Transfer learning has been proposed to overcome this problem, whereby the deep networks are pre-trained using millions of optical images and then simply fine-tuned with the few available radar data at a subsequent training stage. This approach was shown to outperform random initialization of the weights and biases of the network. In this work, we evaluate and compare different classification approaches in terms of their portability, i.e., performances when the training and testing datasets were collected in different environments with different subjects.
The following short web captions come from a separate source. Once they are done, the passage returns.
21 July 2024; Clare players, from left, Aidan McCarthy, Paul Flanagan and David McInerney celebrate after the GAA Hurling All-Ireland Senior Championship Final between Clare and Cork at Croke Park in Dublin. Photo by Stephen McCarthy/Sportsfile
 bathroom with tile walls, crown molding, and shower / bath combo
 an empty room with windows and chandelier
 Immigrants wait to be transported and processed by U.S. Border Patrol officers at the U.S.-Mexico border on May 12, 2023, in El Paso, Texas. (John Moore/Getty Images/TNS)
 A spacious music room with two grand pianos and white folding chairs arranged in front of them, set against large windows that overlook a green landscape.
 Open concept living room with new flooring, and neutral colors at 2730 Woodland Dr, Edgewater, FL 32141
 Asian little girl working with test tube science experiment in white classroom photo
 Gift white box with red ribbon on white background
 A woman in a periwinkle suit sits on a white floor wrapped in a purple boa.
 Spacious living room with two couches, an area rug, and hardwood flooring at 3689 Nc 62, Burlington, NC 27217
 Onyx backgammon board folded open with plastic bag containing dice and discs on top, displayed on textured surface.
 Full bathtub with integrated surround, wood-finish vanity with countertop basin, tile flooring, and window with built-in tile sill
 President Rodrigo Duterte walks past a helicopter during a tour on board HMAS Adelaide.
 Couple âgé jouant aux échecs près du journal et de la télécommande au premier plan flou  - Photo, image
In particular, we have CNN to classify directly spectrograms of ADL and falls, compared with other classifiers such as SVM, KNN, autoencoder-based networks and transfer learning techniques.

  1. A.

    Transfer Learning

Transfer learning is a pivotal tool in machine learning and deep learning to classify complex problems where insufficient data for training are available. It tries to transfer the knowledge from one trained model to the target model by extracting features with the former and training with latter. This leads to a significant positive impact on the problems where limited datasets are available, such as in our case and in many automatic target classification problems based on radar data.

The architecture of transfer learning is shown in Fig. 4. Transfer learning primarily allows differences between task, distributions of the training and target domains. This implies that the available training and test datasets might use various distributions such that P(x) may follow distinct labeling function P(y|x) which might have different set of features for different classes. In the context of transfer learning, the datasets that use similar distributions having same labels with the same feature sets are known as source. The core idea of using transfer learning is to learn machine learning algorithms for classifications based on the target datasets that primarily benefits from the existing datasets originated from various sources, for instance, available data that consist of similar patterns but do not have to be exact representative of the target datasets.

Fig. 4
figure 4

Transfer learning architecture model

We present one example of transfer classifier that uses this same-and different-distribution training data for the neural network part, all followed by SVM and KNN classifiers. This means reusing the weights in one or more layers from a pre-trained network model in a new model, and either keeping the weights fixed, fine tuning them, or adapting the weights entirely when training the model.

  1. B.

    Autoencoder

Another classifier we have used for classification and then performance comparison is an autoencoder—that is existing classification algorithm previously used in Zhou et al. [37]. It is a feed-forward artificial neural network that reconstructs the input data at the output side of the network under specific circumstances. For instance, for any input dataset x, the autoencoder aims to estimate \(h_{w} \left( x \right) = x\). The pre-training algorithm for weight initialization and biases of the autoencoder that provides high performance for small number of available datasets is used. An autoencoder uses unsupervised pre-training by encoding and decoding the input values.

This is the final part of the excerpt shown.